*** PROVIDED ENTRIES ***

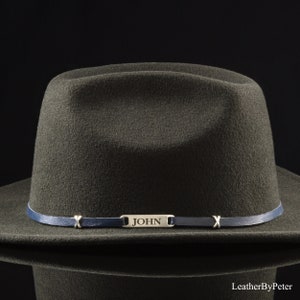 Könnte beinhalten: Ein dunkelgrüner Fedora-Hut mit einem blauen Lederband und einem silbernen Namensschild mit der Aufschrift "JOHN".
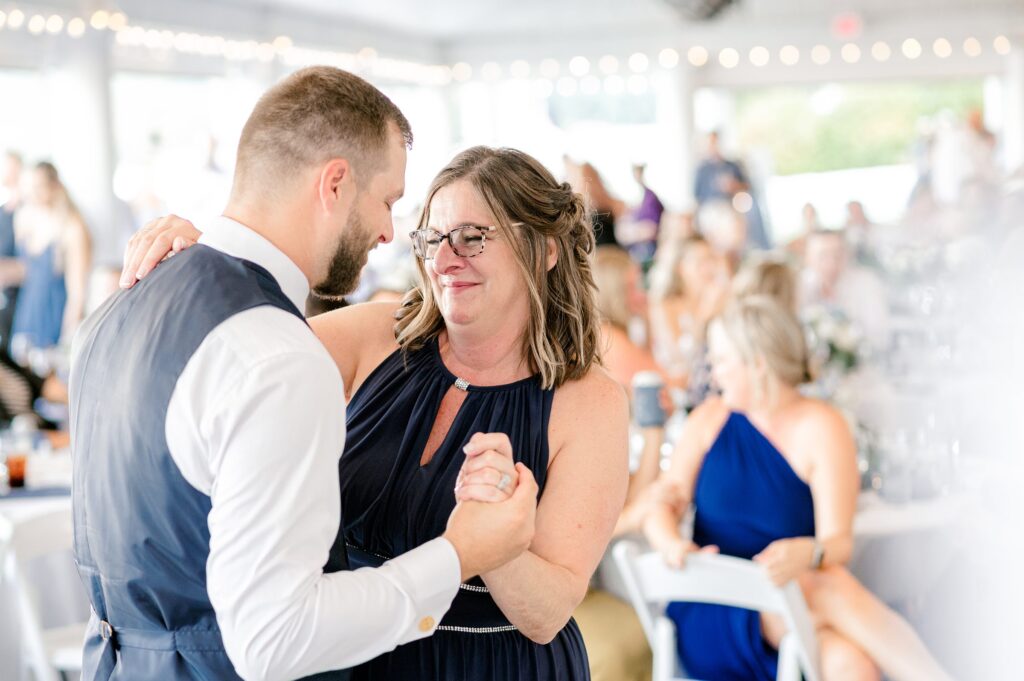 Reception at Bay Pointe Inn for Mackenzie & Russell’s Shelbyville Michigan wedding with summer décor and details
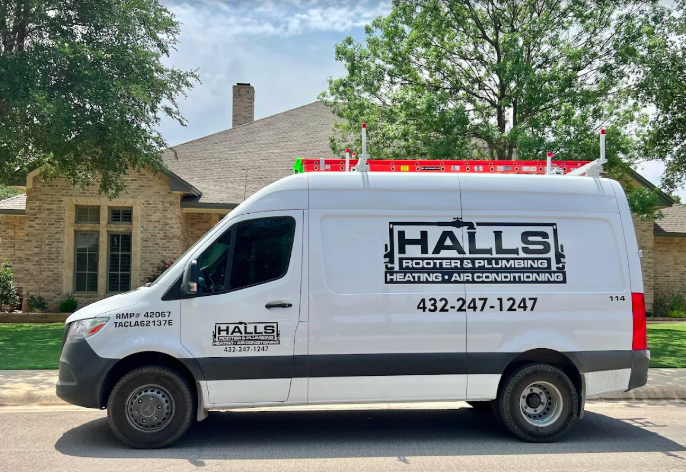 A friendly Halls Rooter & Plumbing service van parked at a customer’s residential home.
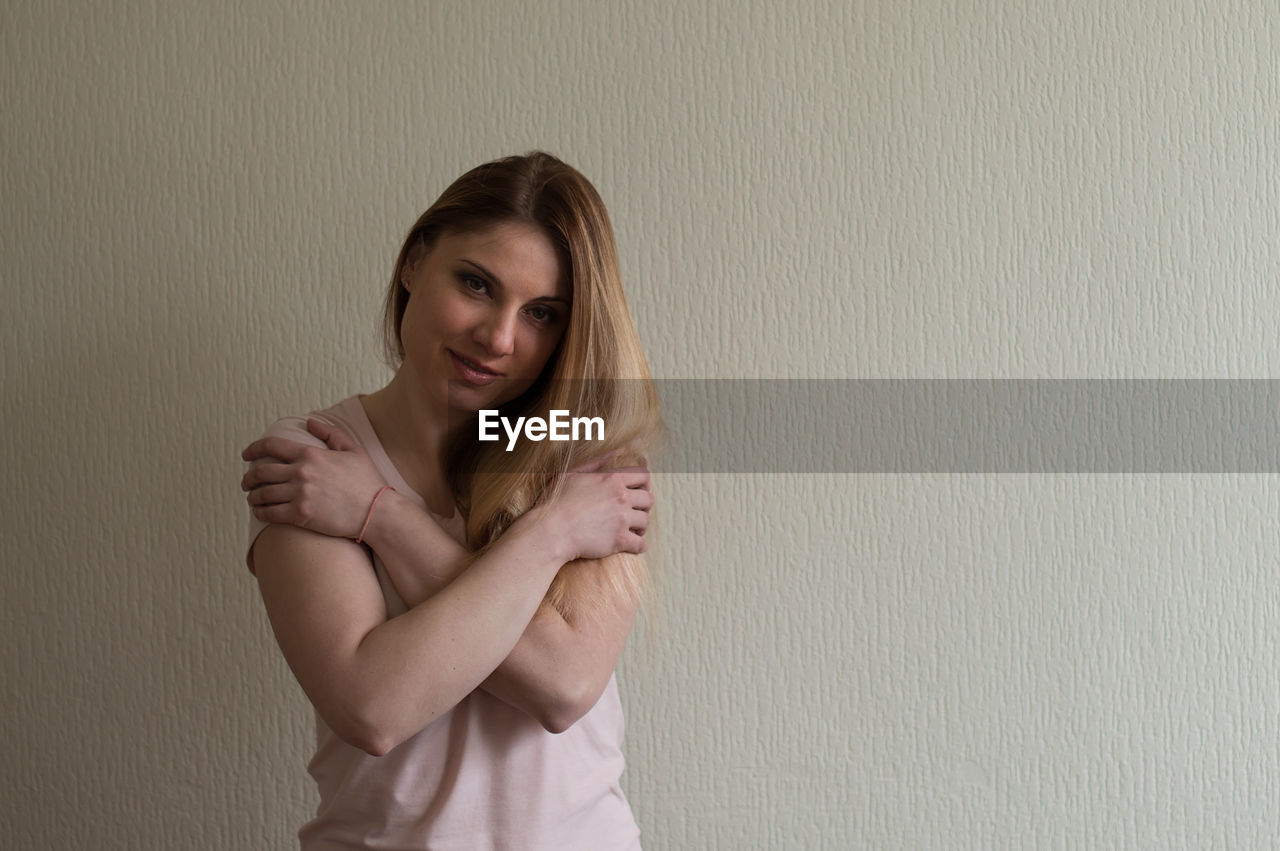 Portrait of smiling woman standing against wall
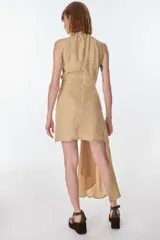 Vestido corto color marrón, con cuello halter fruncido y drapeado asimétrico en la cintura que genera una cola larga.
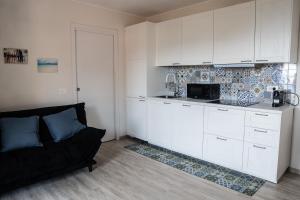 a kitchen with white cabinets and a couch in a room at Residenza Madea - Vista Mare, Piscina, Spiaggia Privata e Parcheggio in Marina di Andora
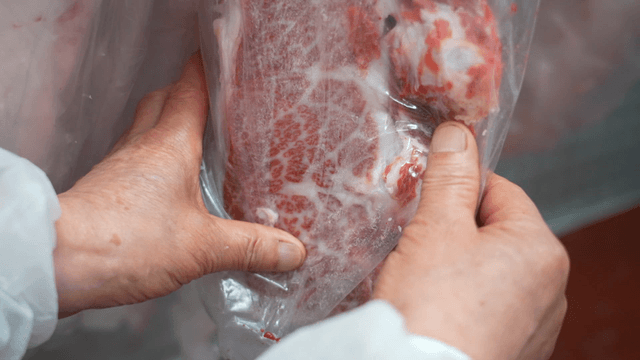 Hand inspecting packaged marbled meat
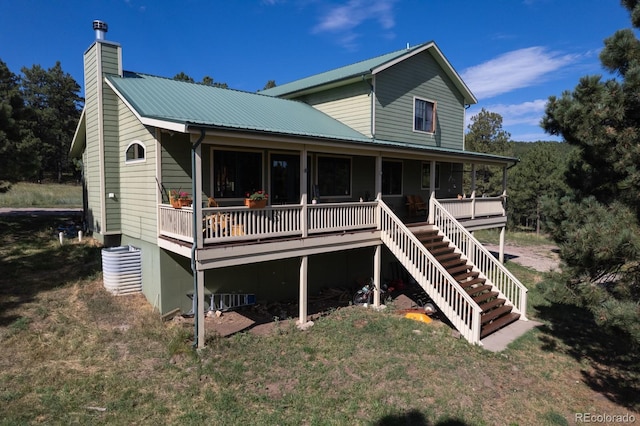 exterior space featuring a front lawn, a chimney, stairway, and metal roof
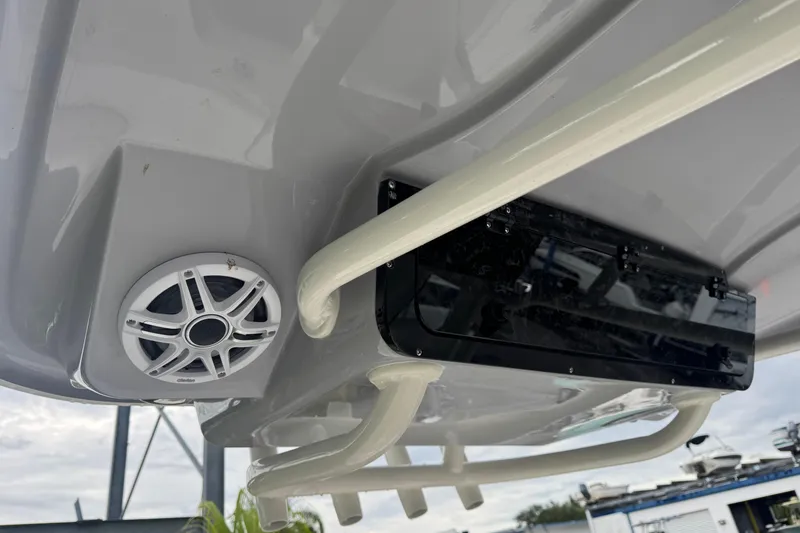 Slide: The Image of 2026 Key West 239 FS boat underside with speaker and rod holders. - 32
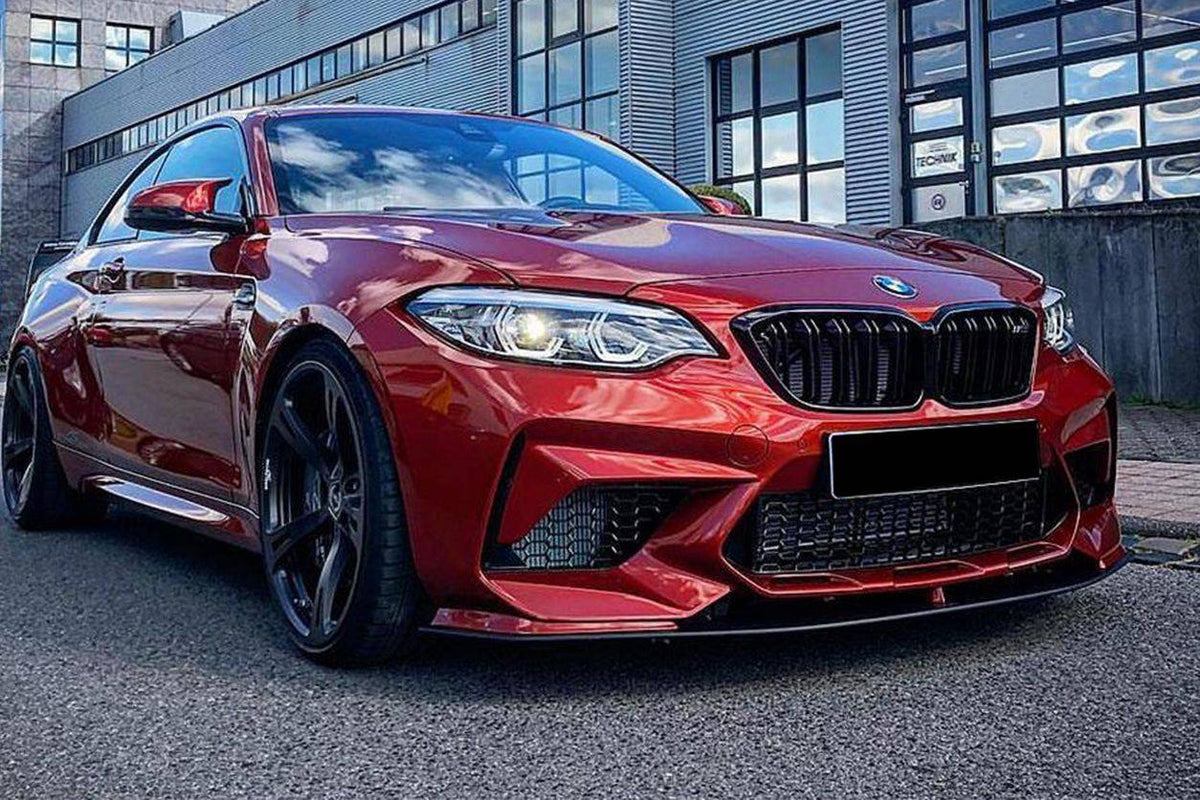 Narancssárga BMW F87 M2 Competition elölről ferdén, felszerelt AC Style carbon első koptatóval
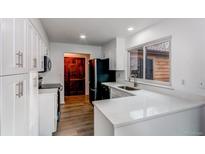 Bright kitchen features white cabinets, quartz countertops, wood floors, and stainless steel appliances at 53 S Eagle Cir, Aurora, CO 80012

*** End of PROVIDED ENTRIES ***

## EXERCISE AIM
Would you please print only the lines running from the one with "Narancssárga BMW F87" to the final line of the entries above, exactly as written and without pictures?

## SOLVED PROBLEM
 Narancssárga BMW F87 M2 Competition elölről ferdén, felszerelt AC Style carbon első koptatóval
 Bright kitchen features white cabinets, quartz countertops, wood floors, and stainless steel appliances at 53 S Eagle Cir, Aurora, CO 80012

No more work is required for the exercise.